_EXERCISE BRIEF_
Somewhere below are a line with "Project in Trinity" and a later line with "Bir insan akıllı". Output exactly those lines and all lines between them.

_INPUT_
━━━━

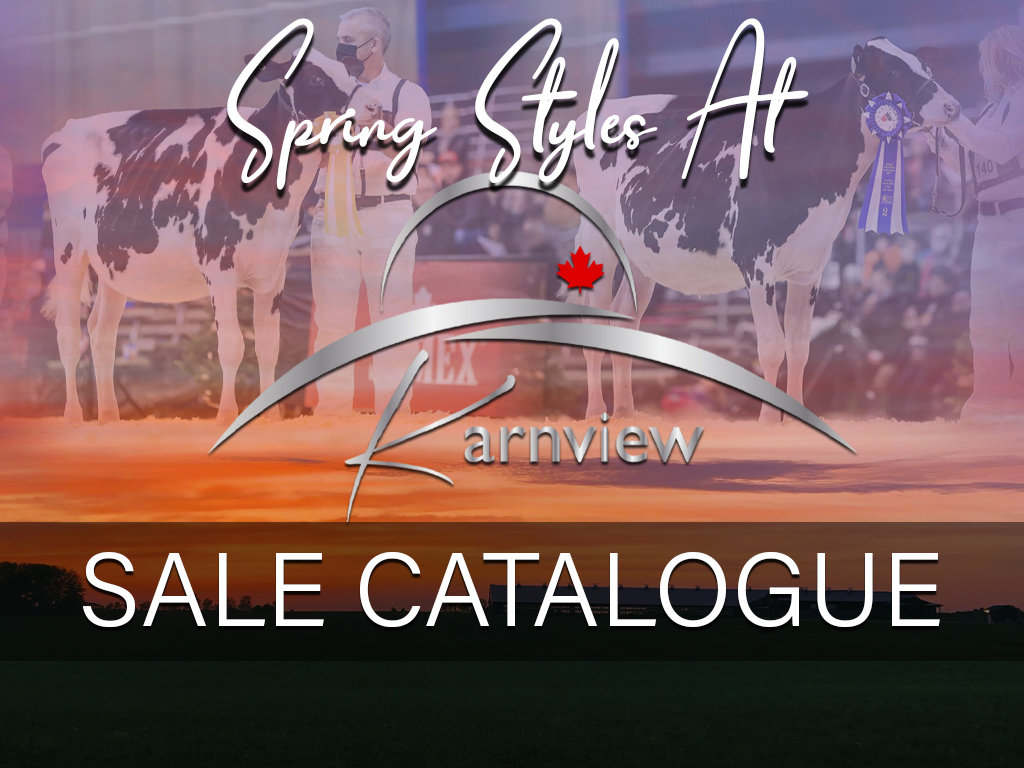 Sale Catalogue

━━━━

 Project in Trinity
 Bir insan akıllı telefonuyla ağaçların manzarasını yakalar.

━━━━

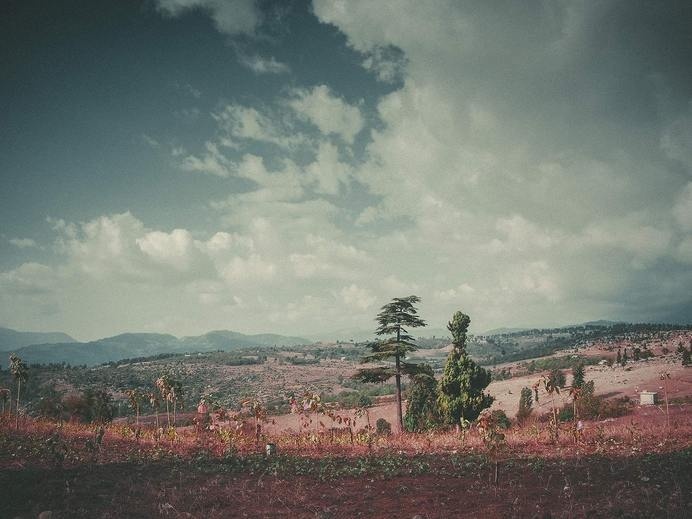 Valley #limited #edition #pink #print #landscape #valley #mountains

━━━━

_EXERCISE ANSWER_
 Project in Trinity
 Bir insan akıllı telefonuyla ağaçların manzarasını yakalar.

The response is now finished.